[Captioned web images]
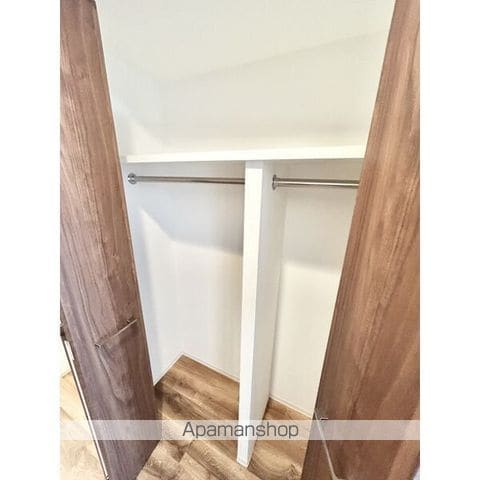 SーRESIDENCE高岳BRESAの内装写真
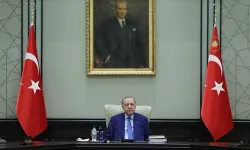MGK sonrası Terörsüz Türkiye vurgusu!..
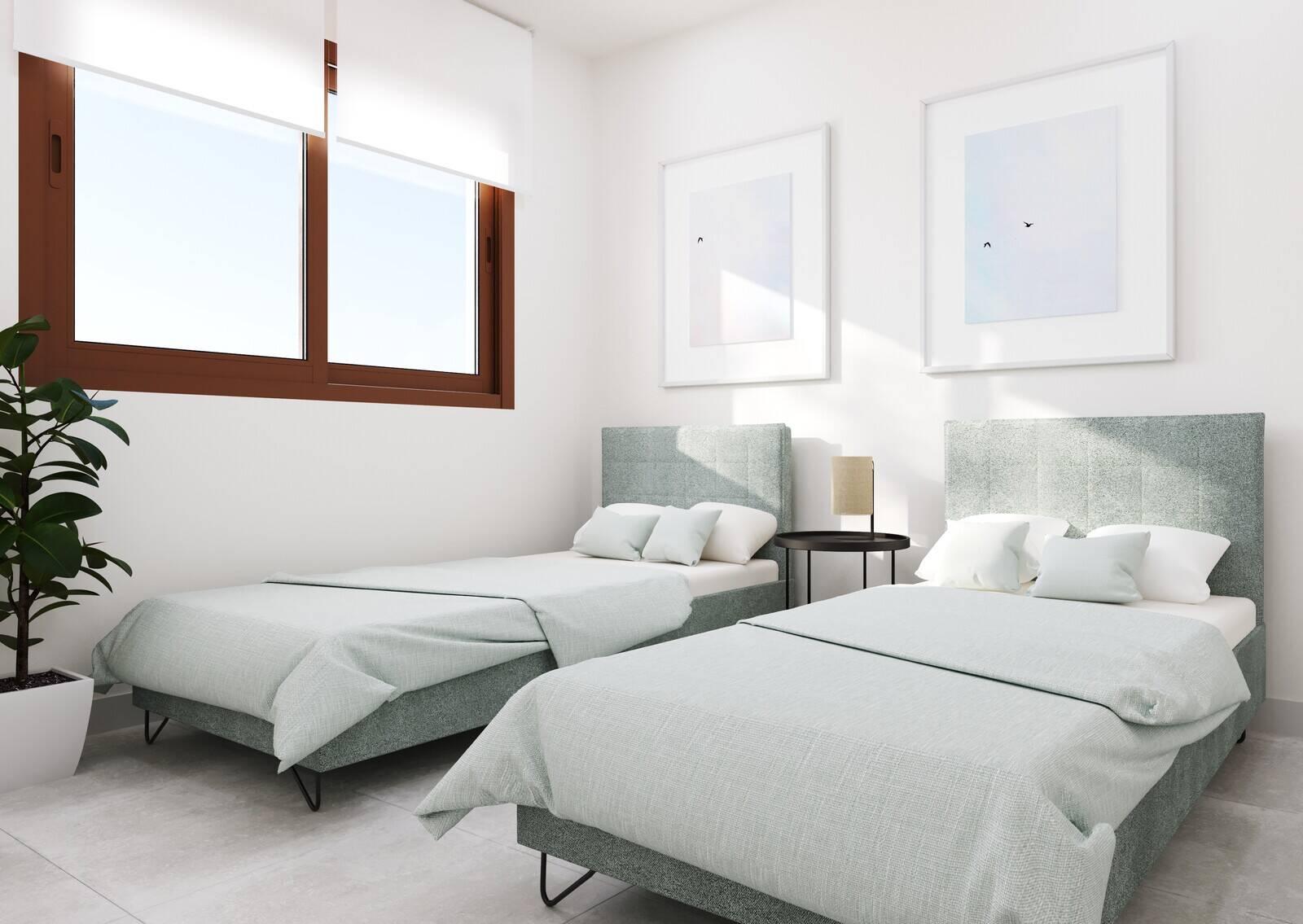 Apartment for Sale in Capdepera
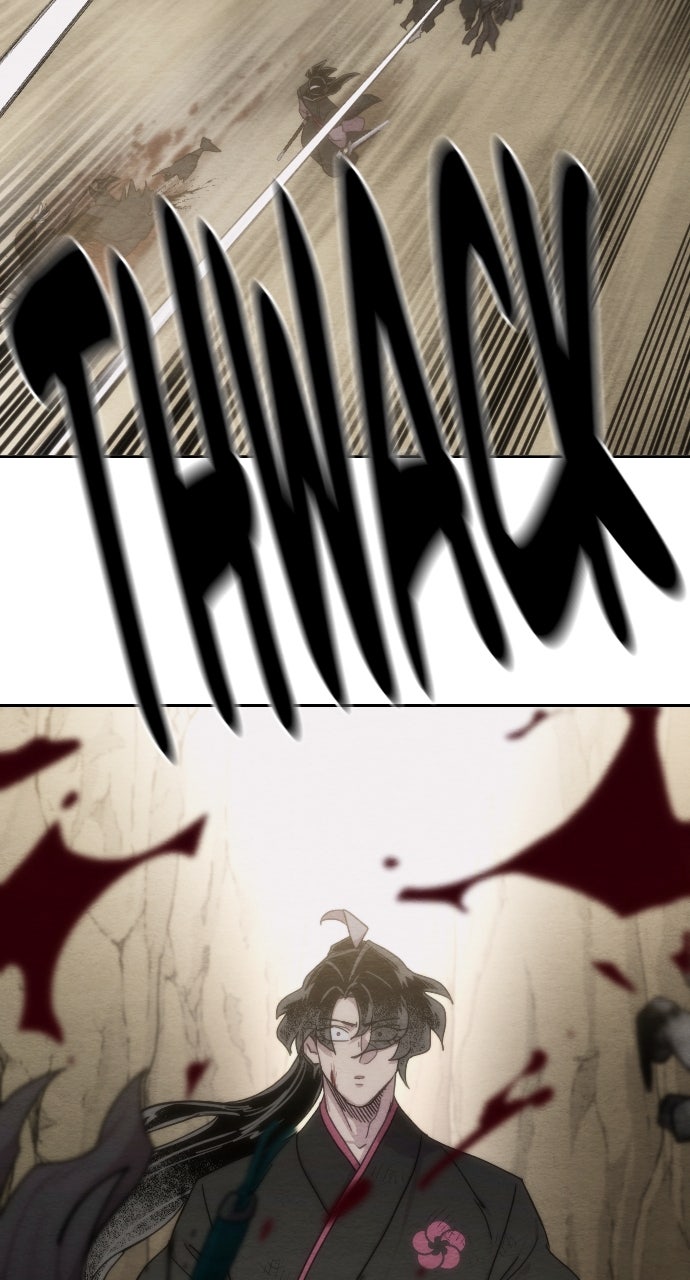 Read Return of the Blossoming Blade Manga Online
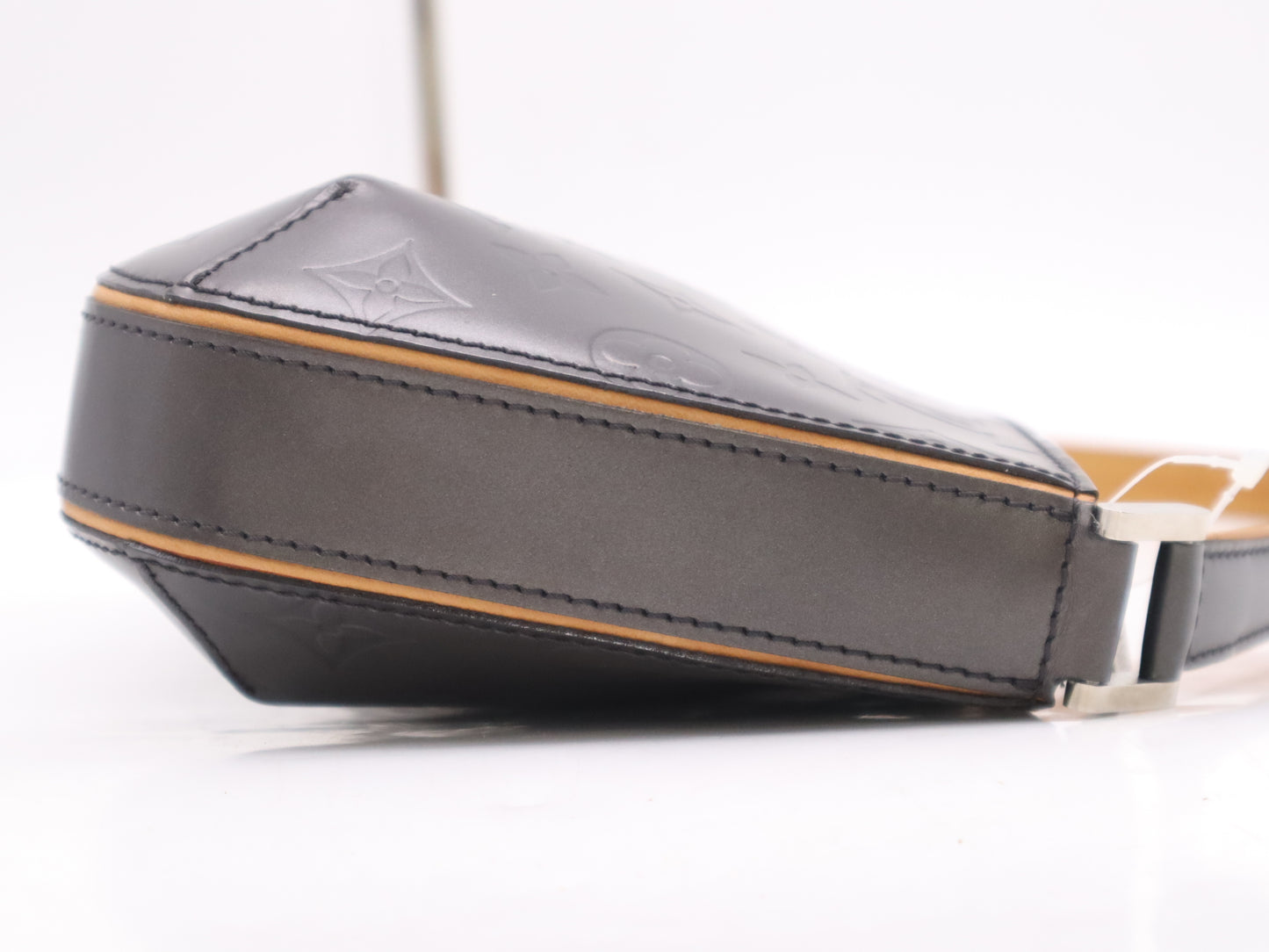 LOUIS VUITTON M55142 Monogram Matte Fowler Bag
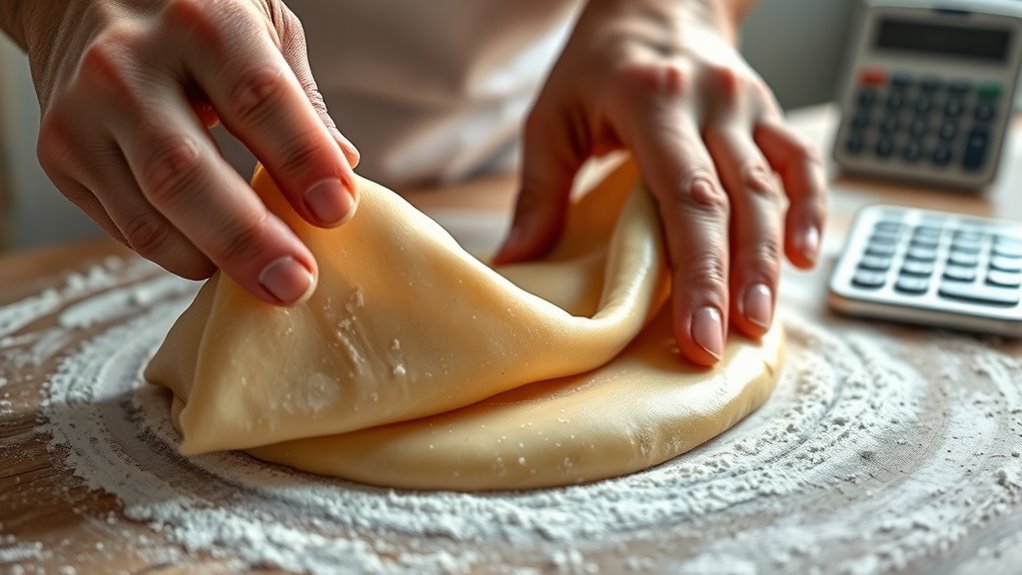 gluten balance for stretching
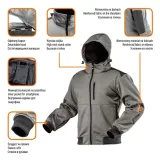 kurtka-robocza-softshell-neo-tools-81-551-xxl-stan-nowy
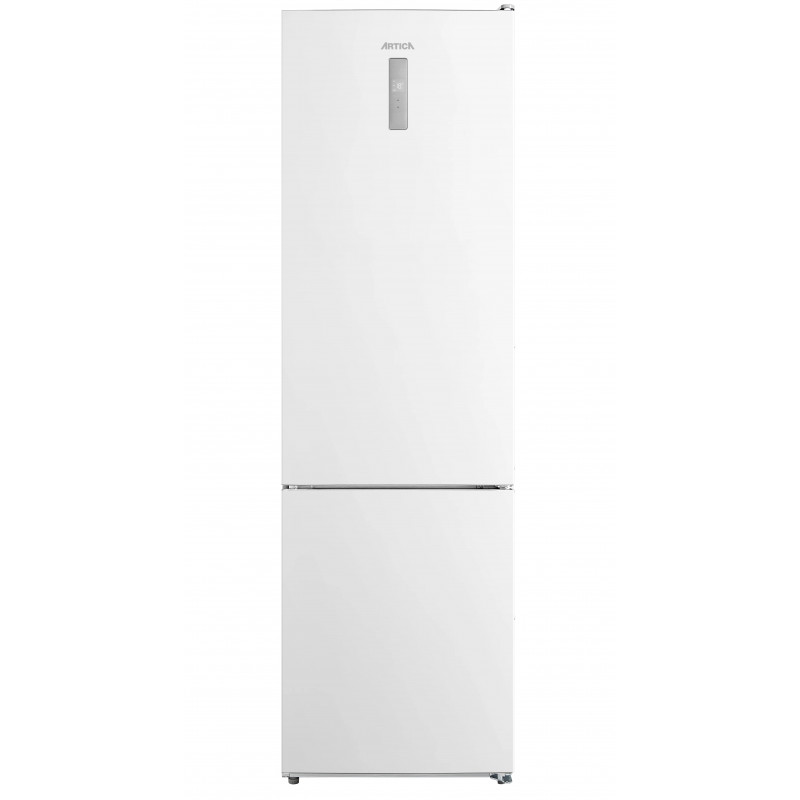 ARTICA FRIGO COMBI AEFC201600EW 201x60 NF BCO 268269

BRIEF:
Exactly the lines from the one that contains "kurtka-robocza-softshell-neo-tools-81-551-xxl-stan-nowy" to the last line of the data, both included, should be set down, and no pictures should appear among them.

COMPLETED EXERCISE:
 kurtka-robocza-softshell-neo-tools-81-551-xxl-stan-nowy
 ARTICA FRIGO COMBI AEFC201600EW 201x60 NF BCO 268269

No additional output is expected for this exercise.